Third, most of the money never reaches the poor. Partly, that’s because of corruption - both the shop and your kid are scamming you, pocketing anywhere from 30-50% of total payments. But the system itself is inherently regressive, meaning it benefits the rich more than the poor. The fuel subsidy is the most regressive, which is wonderful since it’s about two-thirds of all subsidy payments.If you’re a rich guy living in Maadi and commuting to Dokki every day, the government’s paying you 1,200 pounds ($175) a month to clog up the road with your fancy-ass car. 

I also get paid twenty bucks a day to spit on homeless people.

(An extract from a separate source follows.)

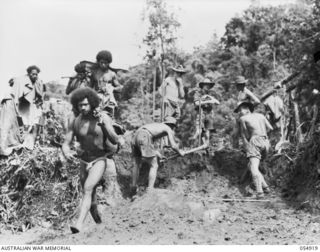 BULLDOG-WAU ROAD, NEW GUINEA, 1943-07-14. WHILE ENGINEERS OF HEADQUARTERS, ROYAL AUSTRALIAN ENGINEERS, 11TH AUSTRALIAN DIVISION WORK ON DIGGING ROAD OUT WITH HAND TOOLS AT THE 23 MILE POINT, THE ..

Finally, they create a system that’s dangerous because it’s unsustainable. The country’s energy infrastructure was built around the assumption of a continuous supply of subsidised fuel, and when the government can’t pay for that fuel any more we’re going to see a steady stream of rolling blackouts, probably right in the middle of Ramadan, this July. That’s going to be a lot of hungry, sweaty people with nothing to do but go out in the street and start lighting things on fire.

The IMF is in Cairo to discuss the loan (again), and they’ve made it very clear that fixing this whole sorry mess is the key condition for their help. The problem is that for the government to make any meaningful reforms would require economic expertise, political courage, and open communication.  So… yeah. Should happen any day now.